This is a theoretical construct, as unimplementable as Searle's Chinese
Room. In theory, it would work. In practice, it would not. In theory,
mermaids could exist. In practice, I've never met one.

> can be shown between the marks and their changes on the one hand, and
> you and your changes of state on the other, the "information paradigm"
> requires that the tape "person" be considered just as real--just as
> conscious and feeling--as the flesh and blood person. 

If the duck is emulated well enough, I could as well roast and eat it.

> For many readers, this info faith is so ridiculous as not to require any
> counterargument, and these readers will wonder why sensible people even

It is interesting, inasmuch that sense of something being ridiculous has
shown itself to be constructive in the truth finding process. Horseless
moving coaches are ridiculous. Stones falling out clean blue skies is
ridiculous. A backpack carried device levelling a small city is
ridiculous. Mining water on the Moon is ridiculous. Playing silly spelling
games with xenon atoms is ridiculous.  Reversible cryosuspension is
ridiculous. 

> bother to talk about it. Part of the answer is that the paradigm does
> have some plausibility and some very bright people believe it. I don't
> even claim to prove it is wrong--only that it is highly suspect, not to
> put too fine a point on it. 

Relativistic physics is also highly suspect. You GPS handheld won't get a
position fix without taking it into account, nor would Mercury's
ephemerides be accurate, nor a particle accelerator work. I could go on,
but you probably got the general idea. 

> Now my new (?) analogy or slightly different attack tack. "A picture is worth
> a thousand words." But are a thousand words--or a million--as good as a
> picture? Would a lot of appropriate words, taken together, CONSTITUTE a
> picture?

I guess you mean a real, not a metaphorical picture.
 
> Surely I could, in principle, look at a photo or painting and then,
> laboriously, describe it in words, in as much detail as desired--as much

> detail as the eye and brain can discern.  I could write down this description,
> or I could just say it aloud. Would my description BE the picture? 

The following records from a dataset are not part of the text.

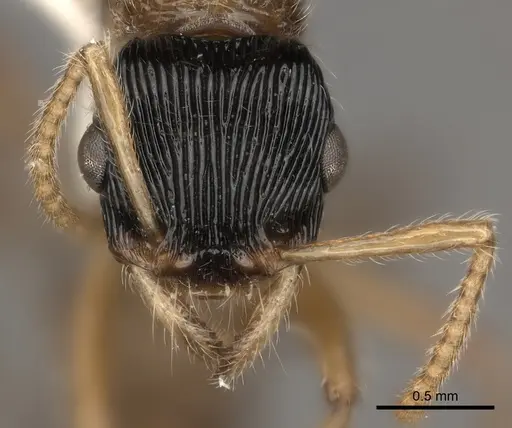 Gnamptogenys sulcata specimen CASENT0217488 image casent0217488_2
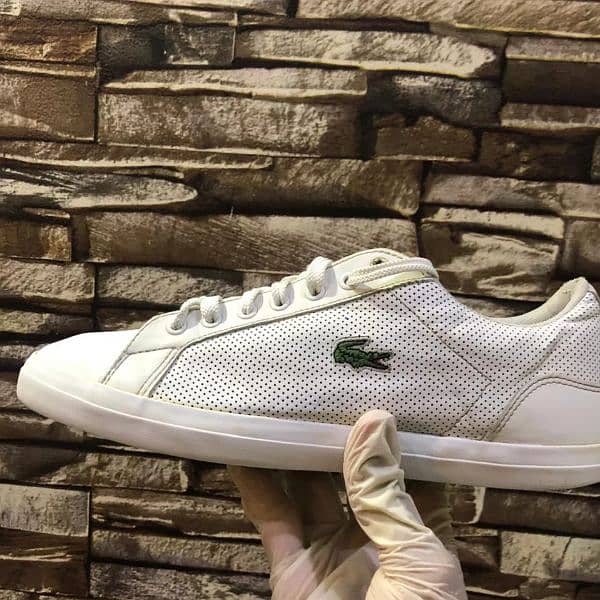 Lacoste casual white trainers in cheap price 0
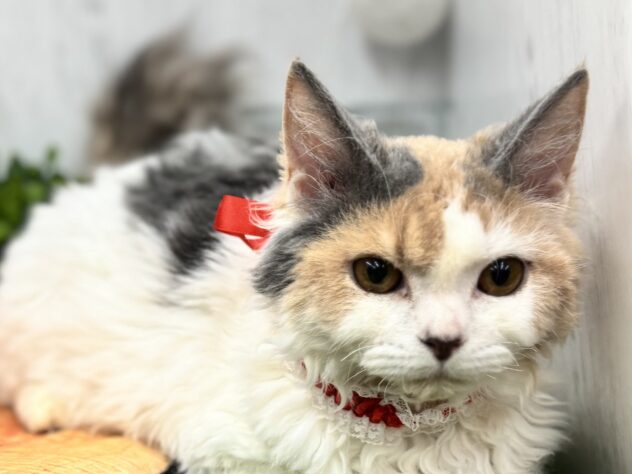 香川県のセルカークレックス (ワンキャラット アミーゴ高松店/2025年7月6日生まれ/女の子/ダイリュートキャリコ)の子猫の1枚目の画像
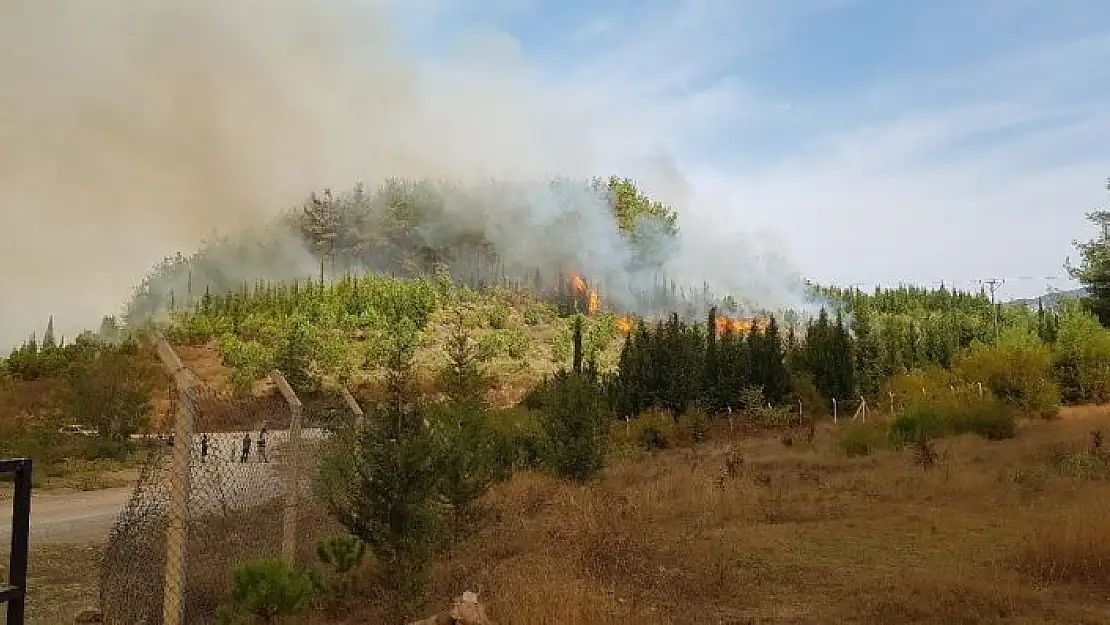 'Kahramanmaraş´ta 4 ayrı noktada yangın çıktı'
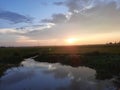 sunset over the rice field in India, beautiful sunset view over the rice field, evening colorful sky. Royalty Free Stock Photo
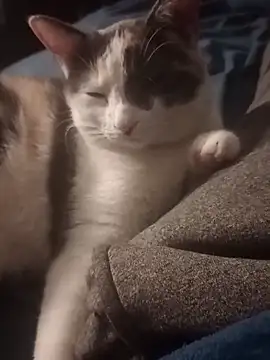 AmazonianMistress online show from 14, 2, 2025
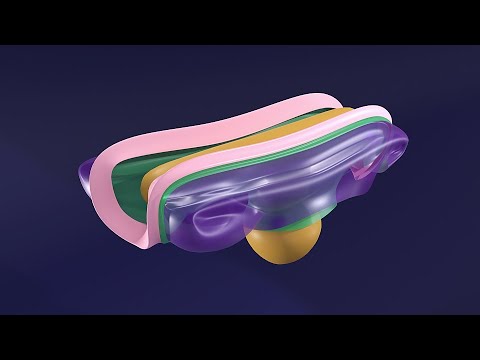 3D Body Cavities Embryology Part 1: Embryonic Folding - Pericardioperitoneal canals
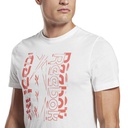 Чоловіча футболка Reebok Vector Graphic Tee GL3162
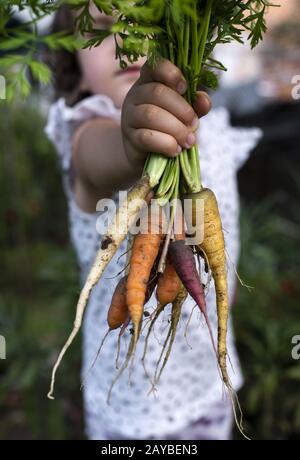 Karotten aus biologischem Anbau. Der kleine Bauer hält mehrfarbige Karotten in einem Garten. Stockfoto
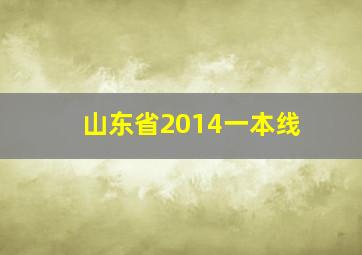 山东省2014一本线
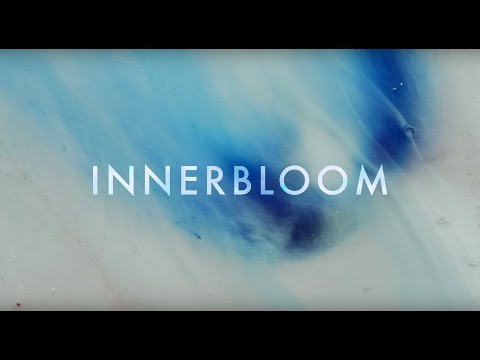RÜFÜS / RÜFÜS DU SOL ●● Innerbloom (Official Video)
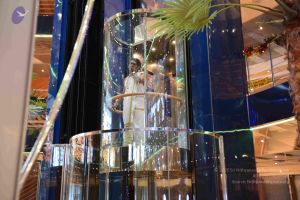 20121210 Photo 1255 1Y1EjBknkAgNvu4zduyvWItoBANMM28kt.JPG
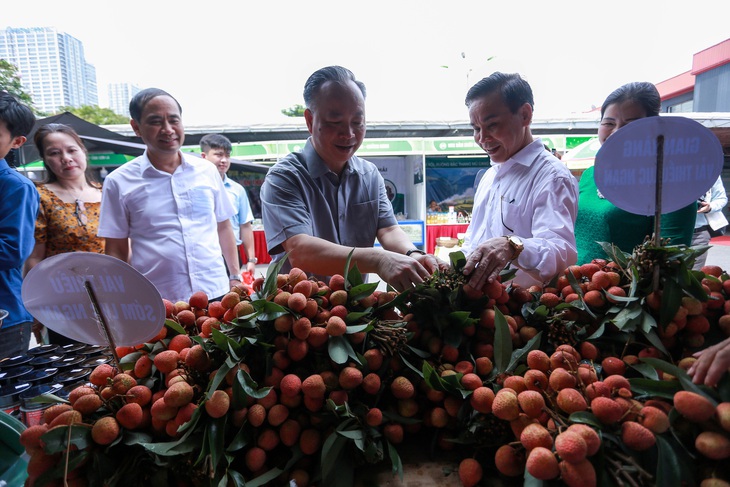 Trái cây xịn khắp nơi tràn về Hà Nội - Ảnh 5.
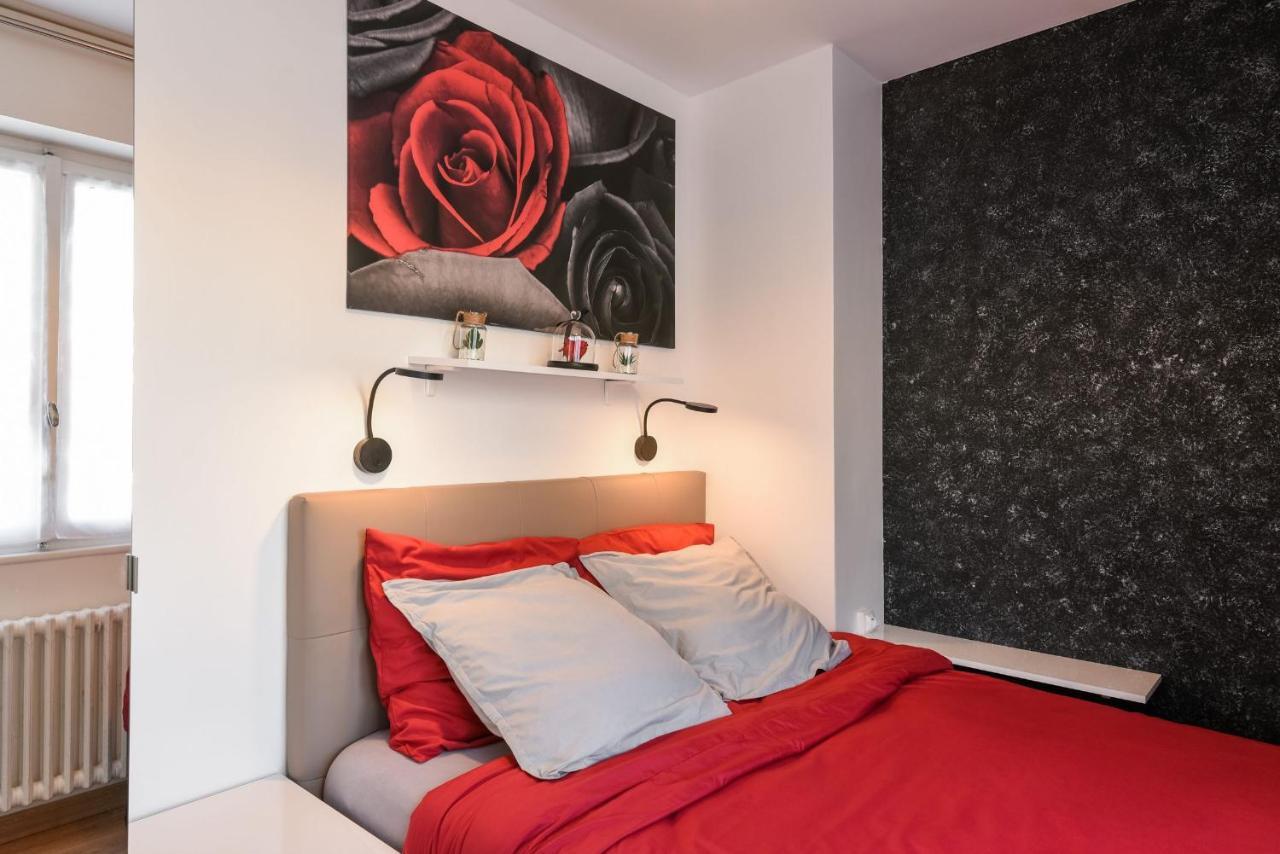 Au Nom De La Rose - Casa Vostra - Caution 800 Eur & Id Requises - Annemasse Exterior foto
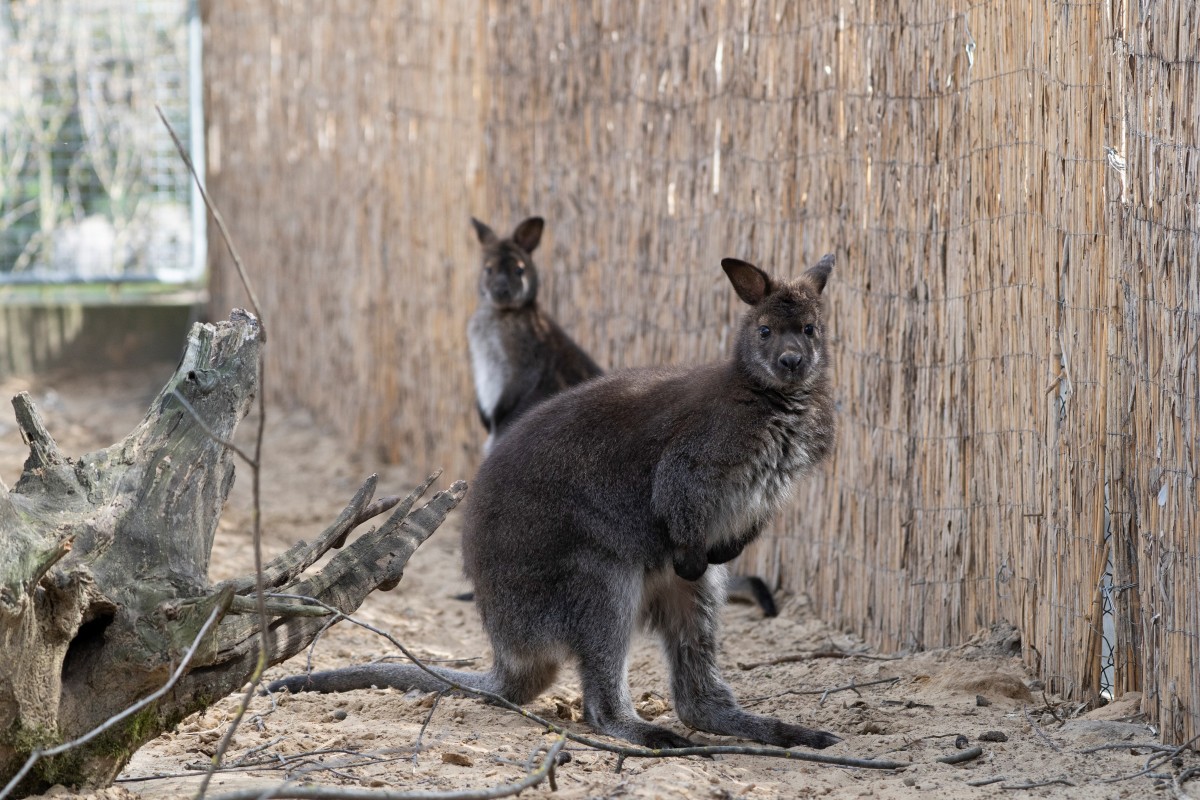 Bennett-kenguru debreceni állatkert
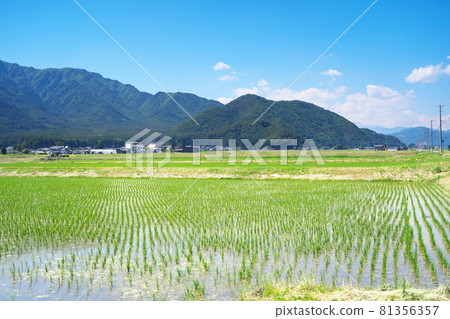 Beautiful rural landscape on a clear day 81356357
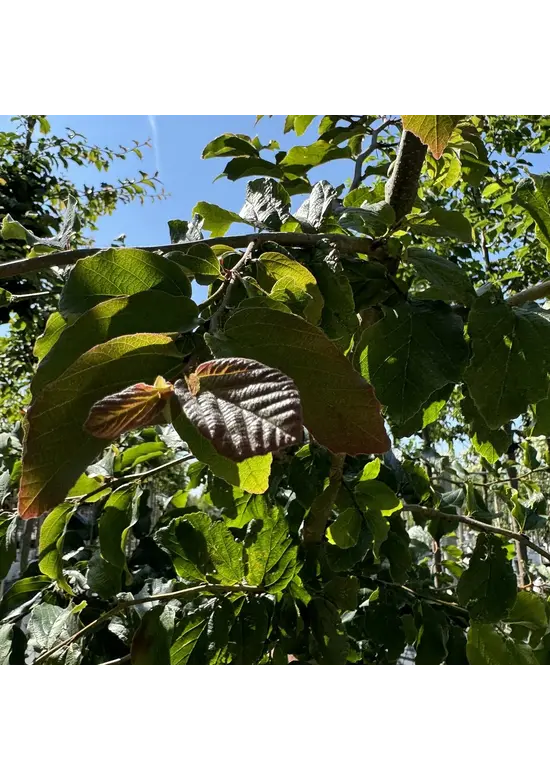 Eisenholzbaum 'Vanessa' | Parrotia persica 'Vanessa'
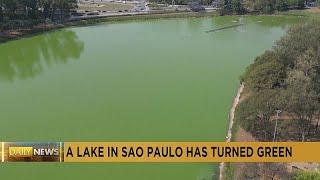 A lake in Sao Paulo turns green due to algae bloom [upl. by Nylatsyrc]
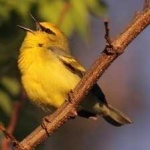 image of bird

You are mixing the description levels. Your description put through a
suitable interpreter would make sense. The interpreter can be of arbitrary
complexity. A digital blob, consisting of a picture's bump map together
with the pixel values fed into a (hypothetical, since requiring drextech) 
phased array optics beamer would be indistinguishable from an original by
human sight alone. The same data fed into an (equally hypothetical, since
requiring molecular electronics, and an upload in working condition) 
artificial reality renderer resulting in the equivalent picture appearing
on the simulated retina, the simulated spikes traveling along simulated
axons activating according simulated representational subsystems until the
simulated you saw the picture. Not simulated picture, picture. Would I
tweak your realworld sensorics with (hypothetical, of course) Utility
Fogs, I could make you see, feel and smell whatever image I like. In fact
I already did, and faked you memories conveniently. Actually, the real
Ettinger never existed -- it's all has been a hoax, and I apologise to all
parties for the inconvencies. 

> Now jump from the photo to a video, and then to an actual living person
> and his environment. In each case, in principle, a sufficiently powerful
> being might describe the person or scene and the action in as much
> detail as desired. The realization of this could be the usual

The description alone is insufficient, unless the description also
encompasses time. You are confusing the self model of the thing with the
thing itself. You are living in an artificial reality, a product of your
senses. You are not a tethered tissue baloon, swimming in liquor in a dark
cranial cavity, aren't you? You could no more perceive the 'true' reality
with your senses than the scientists with his devices. You both are
restricted to work model level.

In fact I am God, and am dreaming you, the stones, skies, and the
butterflies. 

> super-computer, with the "description" being the successive internal
> states of the computer; or it could be words on paper; or it could be
> words spoken in the form of a story. 

The description form is really meaningless.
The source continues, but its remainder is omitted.